Sixteen-year-old Tatum Elsea is bracing for the worst summer of her life. After being falsely accused of a crime, she’s stuck under stepmother-imposed house arrest and her BFF’s gone ghost. Tatum fills her newfound free time with community service by day and working at her covert graphic design business at night (which includes trading emails with a cute cello-playing client). When Tatum discovers she’s not the only one in the house keeping secrets, she finds she has the chance to make amends with her family and friends. Equipped with a new perspective, and assisted by her feisty step-abuela-slash-fairy-godmother, Tatum is ready to start fresh and maybe even get her happy ending along the way.
Publishing Date: May 9th 2017
*A copy of this book was provided to me by the publisher via NetGalley in exchange for an honest review*
Initial thoughts: A cute, light-hearted coming of age modern Cinderella that bordered on corny at times but redeemed itself during the last half of the book. While I only gave it 3 stars, I would still recommend if you are curious about picking it up.
When I finished this book, I can happily say that I was satisfied. While I seriously considered putting it down for the first 40% or so, I am happy I stuck with it and finished the book. It was a happy, quick summery read with the framework of a Cinderella story that makes it just a little bit magical.
Tatum Elsea, or Tate, is in a tough situation for the summer. Accused of assisting in a crime she didn’t commit, estranged from her best friend, locked into community service for the summer, and living with her overly-strict stepmother makes the coming months look very unappealing. By this point in the story, the Cinderella parallels are clear: a lot of chores, a strict household, absent father (he’s traveling for the summer) and a very understanding grandmother aka fairy godmother. It did annoy me a bit that the author would drop lines like “it seemed like a fairy tale” or “I felt like I had a fairy godmother.” I get it. I don’t need it spelled out for me. At this point, I was thinking “meh” but I read on.

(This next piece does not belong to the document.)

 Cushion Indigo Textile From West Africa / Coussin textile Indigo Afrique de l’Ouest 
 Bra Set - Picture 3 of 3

One of the aspects of Tatum’s story that I really enjoyed was her proclivity for graphic design. She even start her own company in secret and is proud of her clients that start trickling in. It is through these email exchanges that she starts chatting with cute, cello-player, SK. I really enjoyed their email exchanges! They were witty, flirty and downright cute. While there was a pretty adorable romantic aspect to this story, I also appreciated that it didn’t dominate the entire plot.

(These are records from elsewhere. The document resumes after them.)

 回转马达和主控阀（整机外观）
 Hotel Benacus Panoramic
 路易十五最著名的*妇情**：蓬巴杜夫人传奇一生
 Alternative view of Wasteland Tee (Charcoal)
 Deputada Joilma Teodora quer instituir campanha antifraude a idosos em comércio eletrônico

Ultimately, this is a coming of age story. Tatum grows throughout the book, learning that her stepmother and stepsister might not dislike her as much as she thinks and that she may have also made some poor choices to erode that trust. That being said, I do think all of the arguments that happened in the house were a bit dramatic and Tatum was a little too misunderstood. However, if the author’s point was to make it a little more dramatic to fall in line with the Cinderella backstory, she did it well.
As I am writing this review I realize I may be more critical than I originally thought, but the overall story was cute! It was a bit light for my taste, but if you enjoy a happy, coming of age contemporary then you might want to pick this up.
Have you read It Started With Goodbye? What did you think?